Just after I posted this, I found this news item from the European Parliament:

http://www.europarl.europa.eu/news/en/news-room/content/20140121IPR33309/html/Environment-MEPs-back-agreement-on-benefit-sharing-of-genetic-resources

This suggests that, since the environment committee has approved the current draft of the Regulation, it is very likely to pass into law in this form. It is scheduled for vote in European Parliament in March and Council would presumably adopt a decision not long after.

Brendan Coolsaet said...

I think the last paragraph is key to this discussion. Without denying that their is a huge expectation from biodiversity-rich countries and their renewed "green gold" (a fact which was already discussed by numerous academics), a concurring problem is that the discussion on benefits is often narrowed down to a mono-dimensional view on monetary benefits. However, numerous other forms of benefits are envisaged in the Protocol, as this article rightly states.

While it is correct that in particular biotech sectors (but then again big differences exist: eg. the use of GR is very different in the cosmetics industry for example), few research endeavours actually lead to commercial products, much of the intermediary steps in the research chain, including the increased knowledge and understanding of certain characteristics of genetic resources and traditional knowledge form a benefit in themselves.

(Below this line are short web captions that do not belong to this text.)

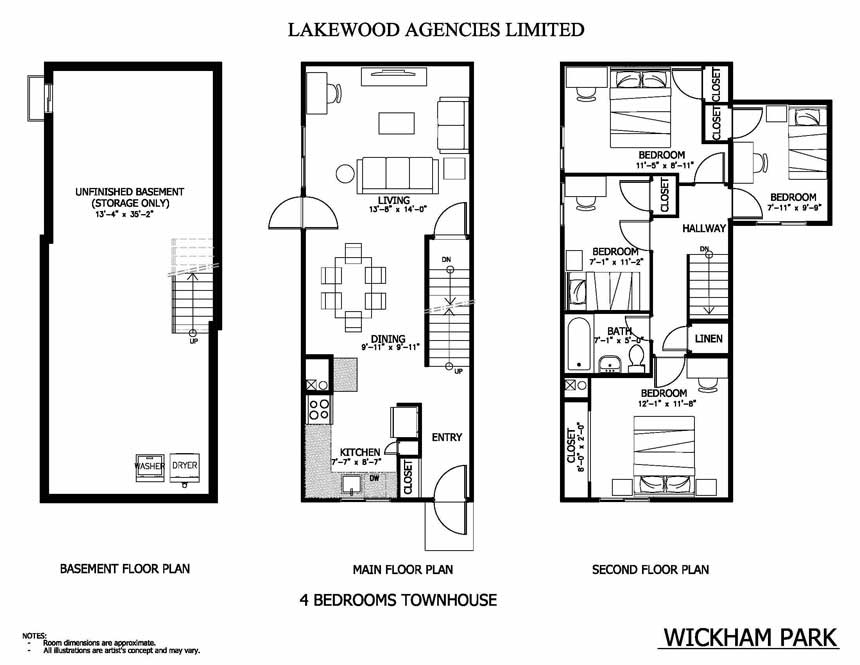 Wickham Park - Large 3 Bedroom Townhouse 4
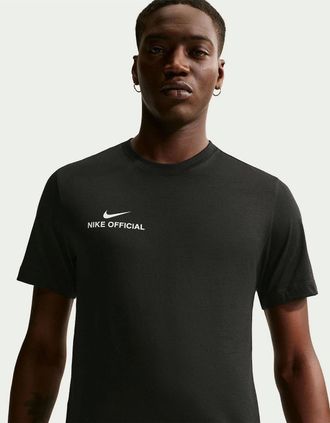 Nike Mens Official Tee - Black - Size: 40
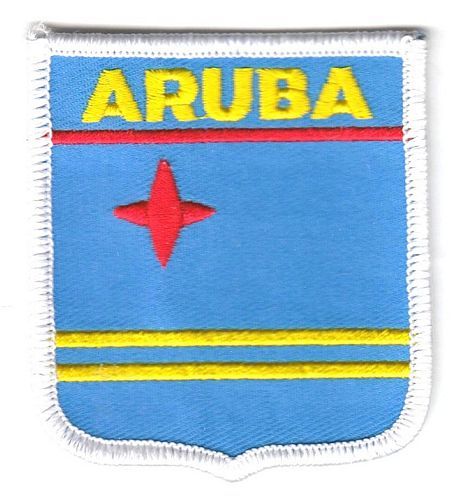 Wappen Aufnäher Fahne Niederlande - Aruba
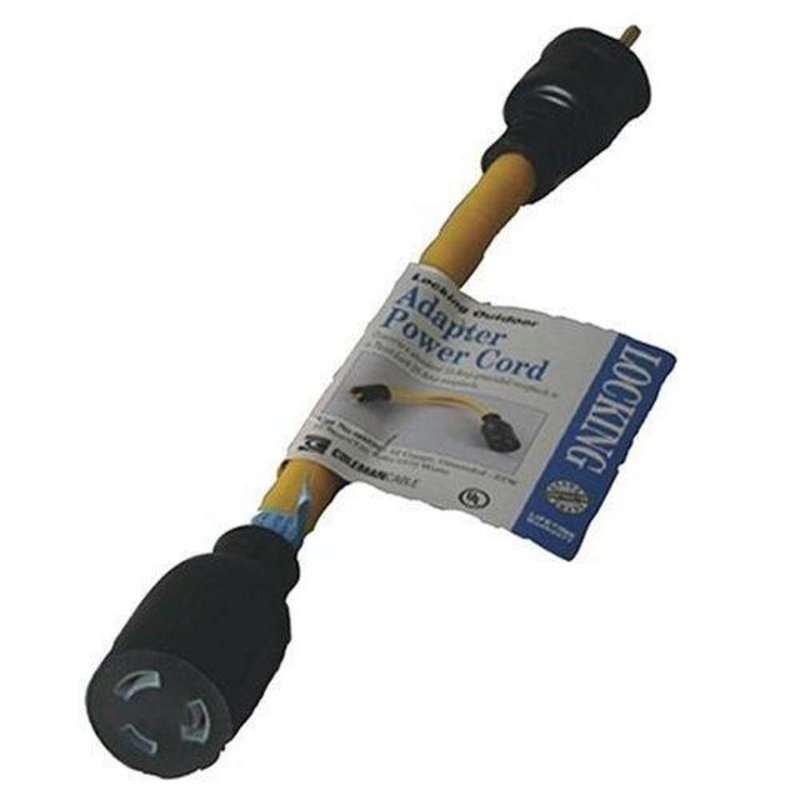 15 Amp 125V AC 1875 Watt 9 Straight Blade Adapter By Southwire 90208802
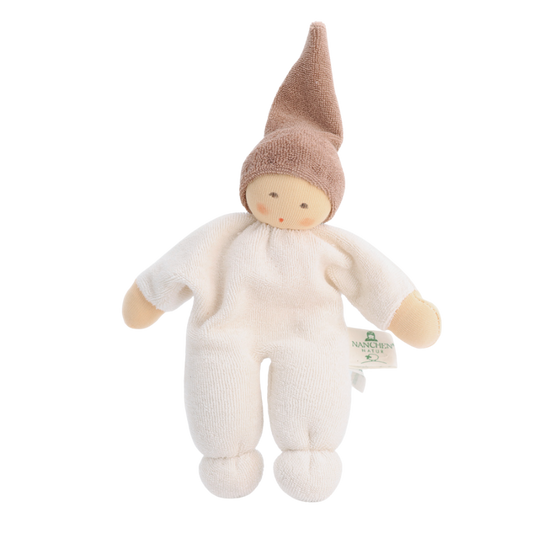 Nänchen Natur knuffelpopje Nucki – Beige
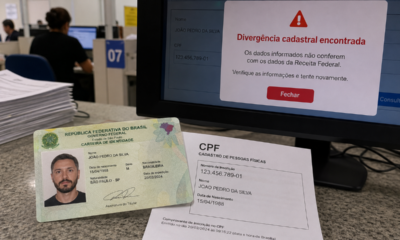 A nova identidade CIN parece simples, mas um erro invisível pode travar tudo no balcão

What is important to understand with the Nagoya Protocol, is that while the (re)distributive aspect is often brought forward as the outcome of a fair ABS exchange, matters of recognition, participation, self-determination and autonomy are equally at play. For instance, allowing researchers to join the research team and/or establishing joint ownership of IPR would recognize the origin of the original resource, would allow developing country researchers to join international research and could allow them to start their own research, combining it with knowledge they might already possess or know of (eg. traditional knowledge). All of this without additional cost for the biotech company.

Tim Roberts said...

As applied to bioprospecting, the Regulation would not be too bad. Bioprospecting is a minor activity (up to 1% of all GR research, at a generous estimate). But the Regulation applies to ALL (non-human) GR. This is overkill. For research on such GR, before you can safely embark on it, you must generally prove that your material (or its forbears) has not been illegally removed from a country that claims rights in it. This is rarely going to be simple, always tedious, and too often totally impracticable. The notion that such requirements will promote the conservation and use of genetic resources (major objectives of the CBD) is risible.